In 2000, Anderson put up $30 million in an effort to keep the Mir space station on orbit as a commercial platform after Russia — under pressure from the United States — announced it would deorbit the aging station into the ocean and focus on building the international space station.
Anderson’s investment kept Mir in space an additional year. During that time, Amsterdam-based MirCorp signed a contract with Los Angeles businessman Dennis Tito to fly to the Russian space station. Tito never got the chance to visit Mir before it was steered into the ocean in March 2001, but later that year, over the initial objections of NASA, Russia flew Tito to the international space station for a week long stay.
After investing more than $60 million in MirCorp and the failed Rotary Rocket, Anderson started a satellite servicing venture in 2002 called Orbital Recovery Corp. and took on the role of chairman and chief executive, an unusual step given his tendency to keep a low profile in his space businesses.
Anderson told Space News in 2002 that unlike some of his previous forays into space — which he admitted could be characterized more by their underlying idealism than hard-nosed business acumen — the driving motivation behind Orbital Recovery was to make money.
“The joke is I make money in telecom so I can [throw] it away in space,” Anderson said. “I’m done being an angel investor for crackpot space enthusiasts. I want to be the guy who really commercializes space.”

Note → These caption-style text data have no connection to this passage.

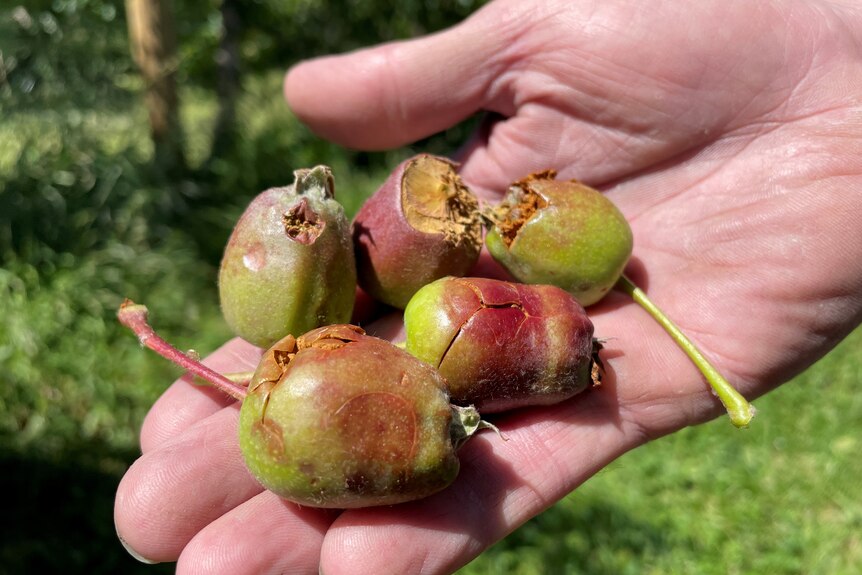 Hailed-damaged juvenile apples being held in a hand.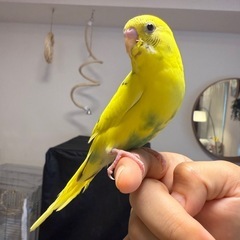 セキセイインコ　若雛　ハルクイン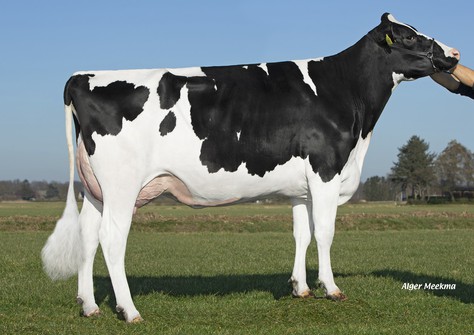 Skalsumer Pietje 1090 VG-87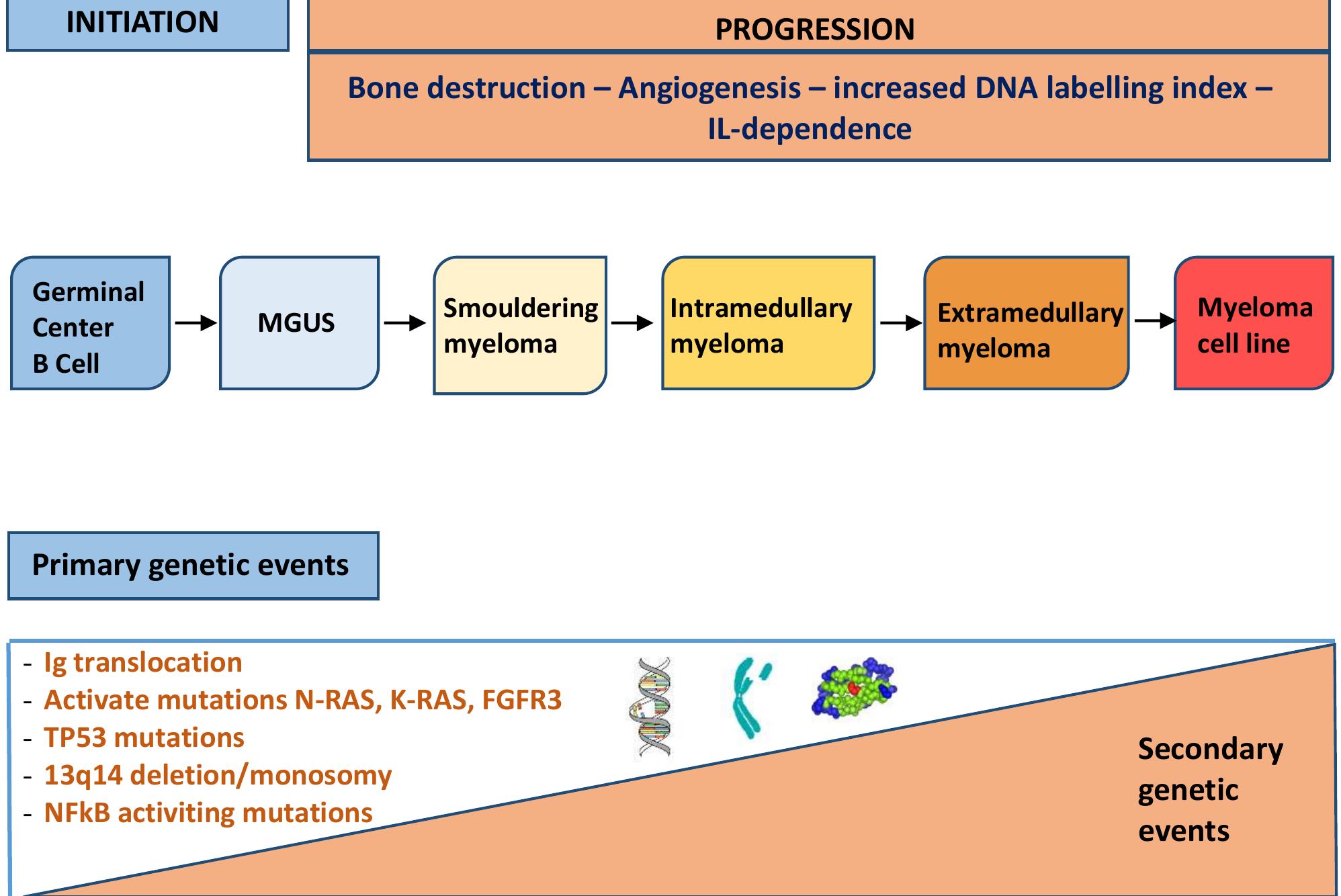 (PDF) A Mini-Review on Thalidomide: Chemistry, Mechanisms of Action ...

Anderson no longer has an operational role in Orbital Recovery, according to Jeffrey Lenorovitz, president of a Fairfax, Va.-based public relations firm that represents the company.
“Walt Anderson contributed to the early stages of the structure of Orbital Recovery. He has not been involved in the operations of the company since early 2004,” Lenorovitz said. “The recent events are a personal matter for Mr. Anderson and have no relevance to the company.”
Lenorovitz said the London-based company changed its name to Orbital Recovery Ltd. in 2004 and hired Phil Braden to serve as chief executive officer. He said the company does not depend on Anderson’s money and is funding the development of the ConeXpress Orbital Life Extension Vehicle through investments from its major European industrial partners, including Dutch Space, the Swedish Space Corp. and Kayser-Threde of Munich, Germany.
Lenorovitz declined to comment on how much of the new company, if any, Anderson still owns. “As a private company we do not provide such information,” he said.